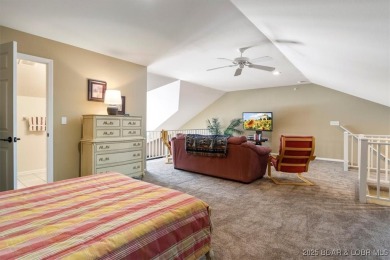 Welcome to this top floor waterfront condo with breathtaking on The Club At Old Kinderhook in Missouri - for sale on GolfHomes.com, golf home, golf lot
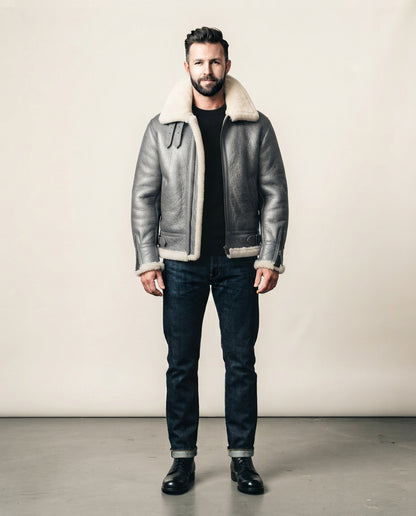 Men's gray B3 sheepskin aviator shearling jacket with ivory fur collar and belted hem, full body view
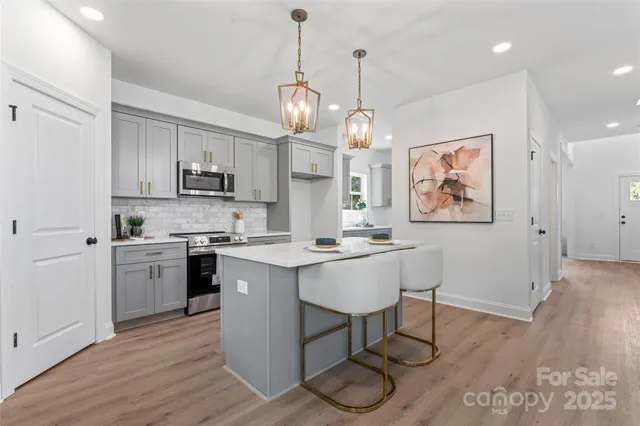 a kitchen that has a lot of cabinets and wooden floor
+++
Only exact copies are wanted here. Write out the lines from the one containing "Men's gray B3" through the end of the material and no others, omitting all pictures.

 Men's gray B3 sheepskin aviator shearling jacket with ivory fur collar and belted hem, full body view
 a kitchen that has a lot of cabinets and wooden floor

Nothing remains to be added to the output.